HOW TO COMPLETE THIS TASK — The answer must be an exact copy of the lines from the one containing "Columbia Mens 2XL" through the end of the records, with the pictures left out.

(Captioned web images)
........
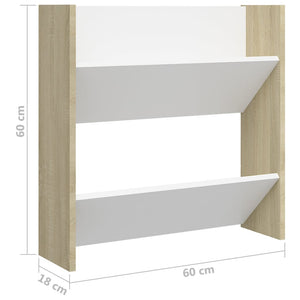 Scarpiere Muro 4pz Bianco e Sonoma 60x18x60cm Legno Multistrato 806731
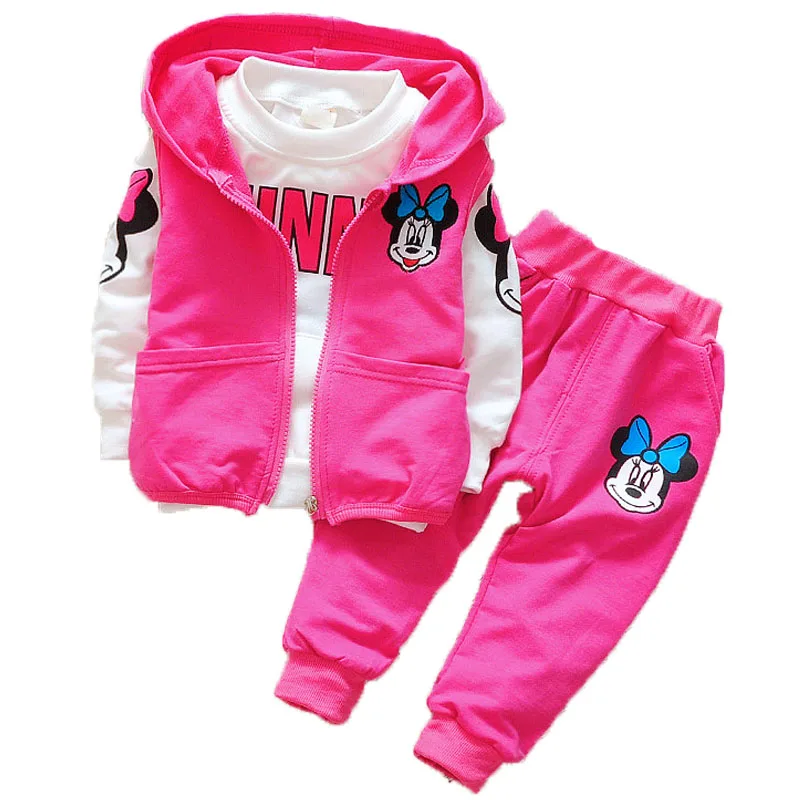 1-4Y Baby Boys Girls Sport Suit Kids Minnie Mickey Clothes Children Kids Cartoon Long Sleeve T Shirt Trousers Pants Clothing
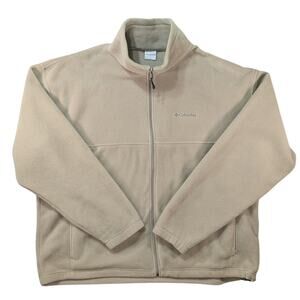 Columbia Mens 2XL  Jacket Beige Full Zip Long Sleeve Outdoor Lightweight Fleece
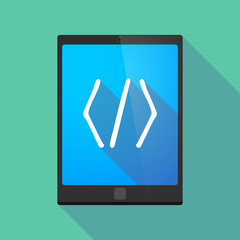 Poster - Tablet pc icon with a code sign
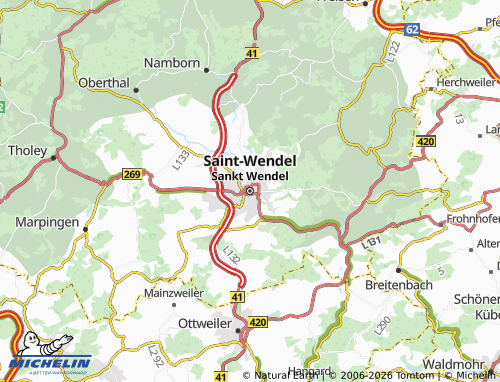 MICHELIN-Landkarte Sankt Wendel - ViaMichelin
........
EXERCISE OUTPUT —
 Columbia Mens 2XL  Jacket Beige Full Zip Long Sleeve Outdoor Lightweight Fleece
 Poster - Tablet pc icon with a code sign
 MICHELIN-Landkarte Sankt Wendel - ViaMichelin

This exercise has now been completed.